昭和33年12月25日発行「北部青年団会報」第三巻第三号より

あわて作文

作文はだいっきらい。

と決めつけ、ペンもとろうとしなかったが、いざ文集発行がせまると何かしら書かなければと云う気が先に立つ。

〝どうしよう〟〝何を書こうか〟ペンをくわえたり、頭をひねる。出てこない。泉のごとく、こんこんと湧き出ずる頭が欲しくなった。「書こう」「書こう」何でもよいから。

でも考えさせられる。書くと云うことは何かしら自分の思っていることや、体験したことを多くの人に知ってもらったり、主張するためのものではないのかしら(日記等は別として)、だから多くの人がそれを読んで何が書いてあるのかさっぱりわからないという事では無意味なものになってしまう様に思われる。

何時も文を綴る時にはこの様な事が私の頭の片隅に居すわりしていてペンを自由に運ばせてくれないのかもしれない?然し書き出すとあの事も書きたい、この思い出も書きとめたいと欲望が出てだんだん長くなりがちになり何が何だかさっぱりわからなくなると云うのが私の文である。

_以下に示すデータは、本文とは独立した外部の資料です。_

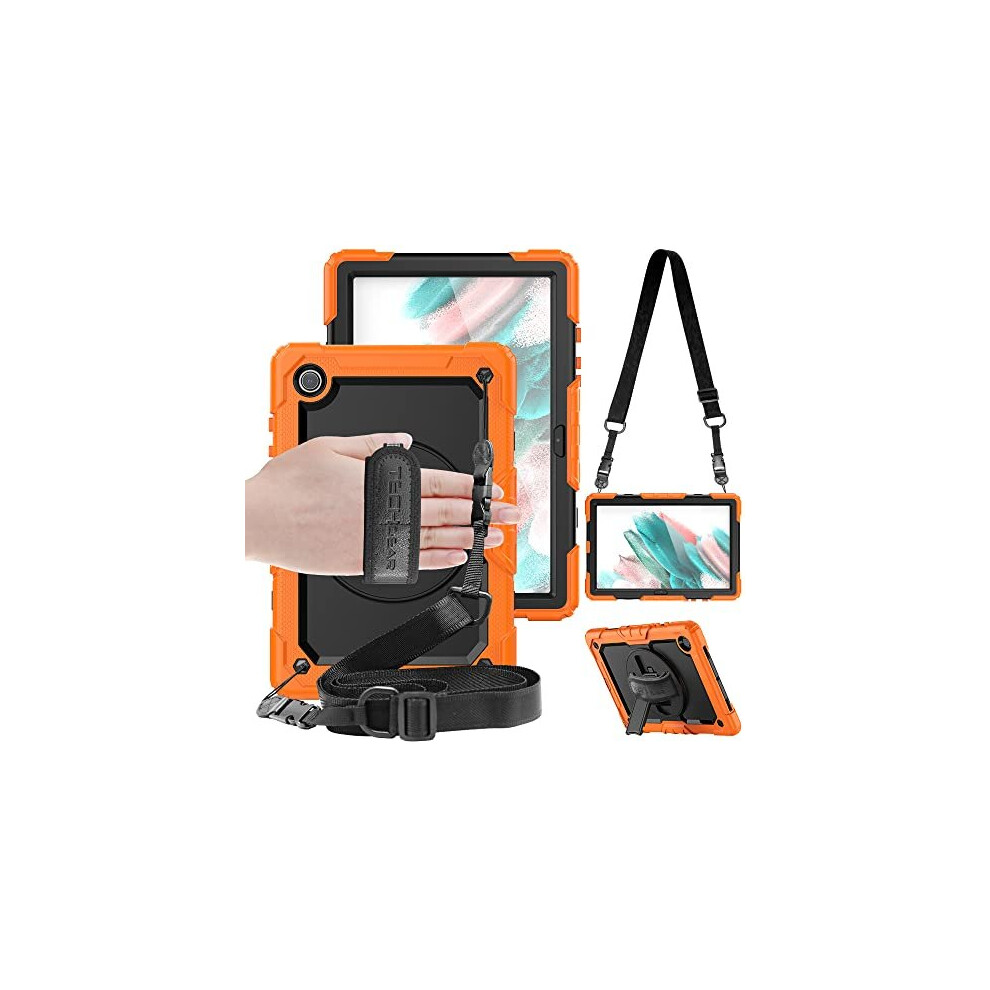 (ORANGE) TECHGEAR UTILITY Case fits Samsung Galaxy Tab A8 10.5" (SM-X200 / SM-X205) HEAVY DUTY Shockproof Case with 360 Rotating Stand, Hand and Shoul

これは先にテーマをはっきりと決めて書き出すと良いのだそうですが、書くことになれていない私にとっては、今度はそのことに気を取られてペンが進まなくなり書きたいことまで書けなくなってしまうと云うのが私の現状です。

〝どうしよう〟時間が刻々と過ぎ出勤時間がせまる。夜の内に何か良き題材を選んで書いておけばよかった。眠さのあまり、一寸休んでからと思ったのがいけなかった。目が覚めた時には六時近かった〝しまった作文〟と思った時には、あとの後悔先に立たず…。